The butcher block conditioner is a mix of wax and oil. The oil part will darken the woods.

End grain purpleheart becomes very dark with oil. Padauk may be dark, and will get darker with exposure to UV.

A thread some months back on end grain boards and oil vs wax by TomC who did not like how dark the wood became with oil.

TomC stripped back to bare wood and then applied beeswax which did not make the wood as dark.

You can try cleaning off with solvent, but I expect you will also need to sand to expose fresh wood.

http://www.woodworkingtalk.com/f2/end-zgrain-cutting-boards-51699/


----------



## Lupus (Sep 4, 2011)

Well that stinks! I love the way it looked before the oil. Guess I will stay away from dark wood next time. Thanks for the info


----------



## Hammer1 (Aug 1, 2010)

Probably should have had a lighter color between the purple heart and padauk. The darkness the oil imparted will fade fairly quickly and not be so obvious.


----------



## Quickstep (Apr 10, 2012)

First and foremost, I think it looks great as it is. I know you wanted more contrast between the padauk and the purpleheart, but there's lots of other contrasting pieces in there to add interest and the purpleheart and padauk may very well change in time anyway. I think you could get the old finish out by repeatedly washing it down with naphtha, but keep in mind that the naphtha will be getting into the pores you're trying to get the oil/conditioner out of. If you're planning to use it for actual food preparation, that's not good. Also, naphtha is very flammable, so be careful if you decide to use it.


----------



## ryan50hrl (Jun 30, 2012)

I would not use any solvents on it....even if you don't plan on cutting on it, some day someone else might. 

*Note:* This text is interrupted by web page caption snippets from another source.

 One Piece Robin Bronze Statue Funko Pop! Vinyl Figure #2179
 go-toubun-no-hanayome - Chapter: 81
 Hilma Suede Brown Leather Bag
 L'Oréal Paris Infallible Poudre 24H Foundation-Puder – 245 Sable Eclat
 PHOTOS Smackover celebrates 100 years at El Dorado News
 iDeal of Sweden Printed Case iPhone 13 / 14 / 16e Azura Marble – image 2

I for one think it looks great.


----------



## Manuka Jock (Jun 27, 2011)

Lupus said:


> Hey all I just finished a cutting board and put Howard's butcher block conditioner on the bottom and it made it way too dark. Will regular mineral oil be lighter?

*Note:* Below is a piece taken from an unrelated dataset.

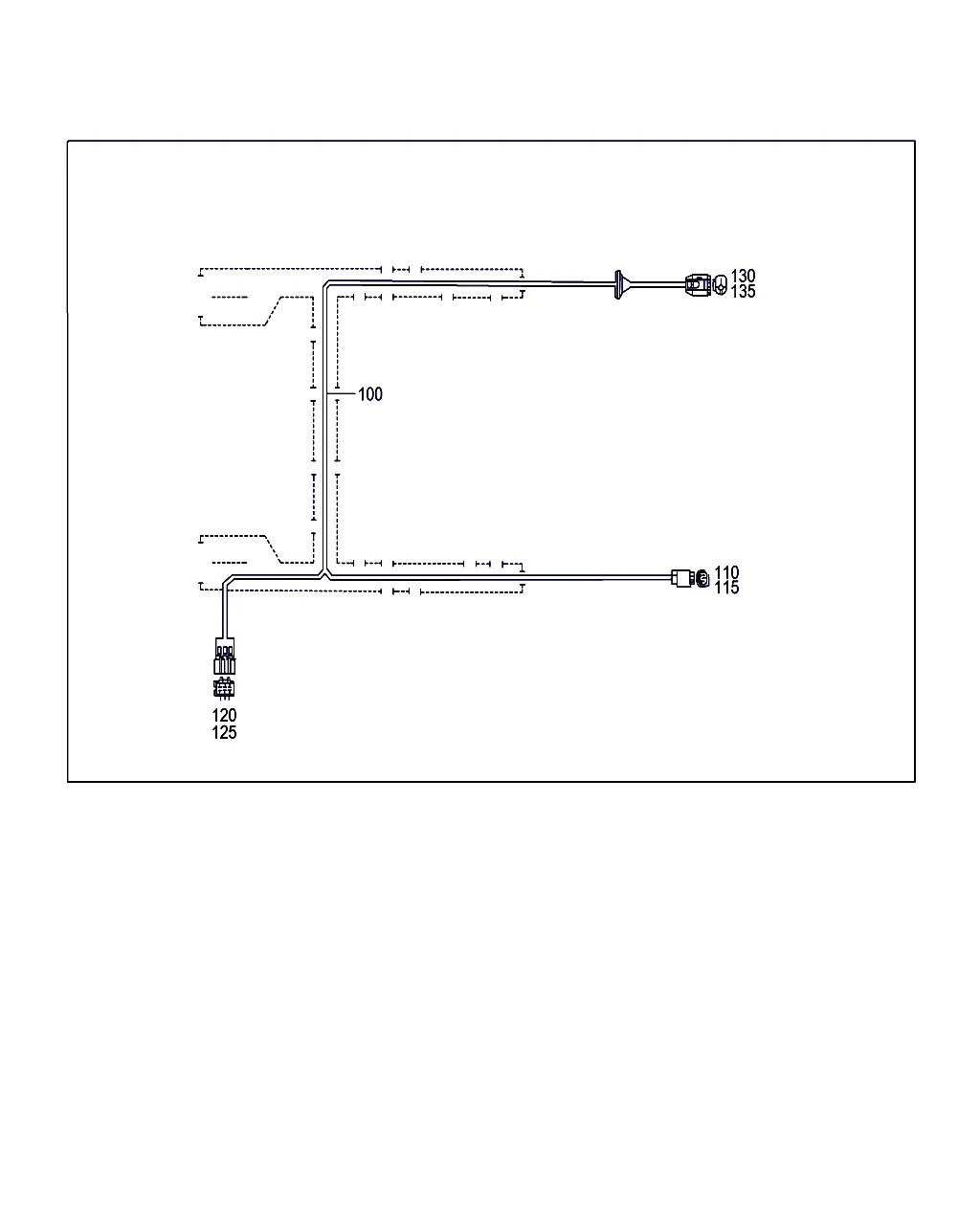 ЖГУТ ПРОВОДКИ УГОЛЬН. ФИЛЬТРА / ДАТЧИКА ДАВЛЕНИЯ В ТОПЛИВНОМ БАКЕ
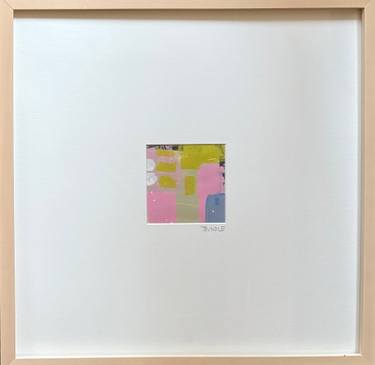 Original Abstract Painting by Sarah Trundle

Looks good to me :thumbsup:


Always test your finish on an offcut of the workpiece .

If the product has any colour at all , it will add colour to the work as well as darken it


----------



## Lupus (Sep 4, 2011)

Well I would love to keep it unfinished but I thought it was bad to leave it like that. I thought it would crack and spilt.


----------



## Manuka Jock (Jun 27, 2011)

Are you going to be using it at home ?


----------



## Priusjames (Jan 13, 2014)

If you use it for a while, especially if you wash it now and then, the butcher block will lighten up again before too long...at least, that's been my experience.

It looks great...I can see the difference between the darker woods already!


----------



## Lupus (Sep 4, 2011)

Yes, I wanted to use it in the kitchen. Will it split or crack if I don't oil it anymore?


----------



## Manuka Jock (Jun 27, 2011)

Lupus said:


> Yes, I wanted to use it in the kitchen. Will it split or crack if I don't oil it anymore?


 No , not at all .
(Well not if you keep it out of the oven , the microwave , the dishwasher , and scalding hot water .
It does happen :laughing: )

Don't wipe it clean or dry with cloth or wash in soap , detergent or dishwashing solutions.

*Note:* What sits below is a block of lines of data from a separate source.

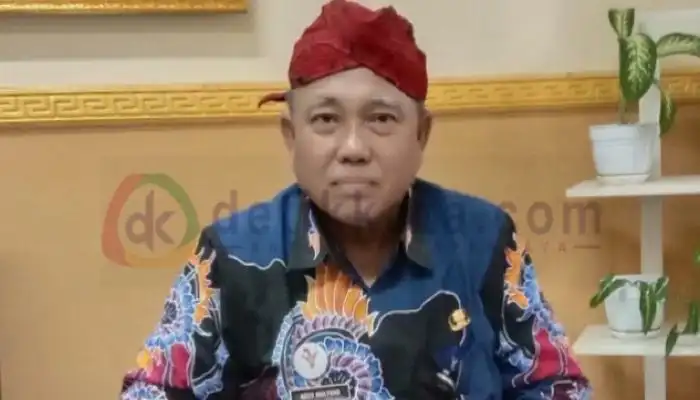 Kepala Dinas Kesehatan Pengendalian Penduduk dan Keluarga Berencana (Dinkes P2KB) Kabupaten Sumenep, Agus Mulyono.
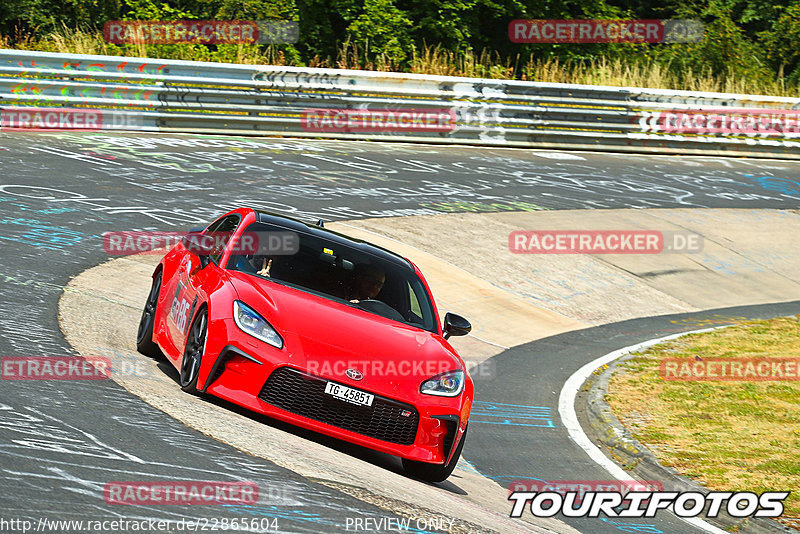 Bild #22865604 - Touristenfahrten Nürburgring Nordschleife (09.07.2023)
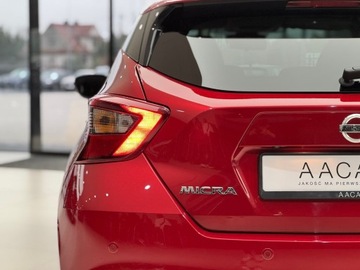Nissan Micra V 0.9 IG-T 90KM 2017 Nissan Micra Tekna / Kamera 360° / LED / 1 właścic, zdjęcie 37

Scrub it with a stiff plastic bristle brush while* holding* it under hot running water and leave it to drain dry .
Store in the open light.

As said above , the surface will fade in time . 
The mineral oil that has penetrated deep into the wood will prevent fat and grease from getting in and going rancid etc.


----------



## Lupus (Sep 4, 2011)

Great! I think I will do that. Just wondering but why not even wipe it dry?


----------



## Steve Neul (Sep 2, 2011)

If it were me I would keep it oiled from time to time. Not oiling the cutting board will allow the water to penetrate further into it causing more expansion and contracting causing it to crack.


----------



## Manuka Jock (Jun 27, 2011)

Lupus said:


> Great! I think I will do that. Just wondering but why not even wipe it dry?


Wiping can lift off oil that may have risen to the surface ,
letting it dry naturally will allow that oil to draw back in .

Wiping with cloth can become a habit , and lead to using a damp cloth to clean it , when dirt and grease can get driven into the timber.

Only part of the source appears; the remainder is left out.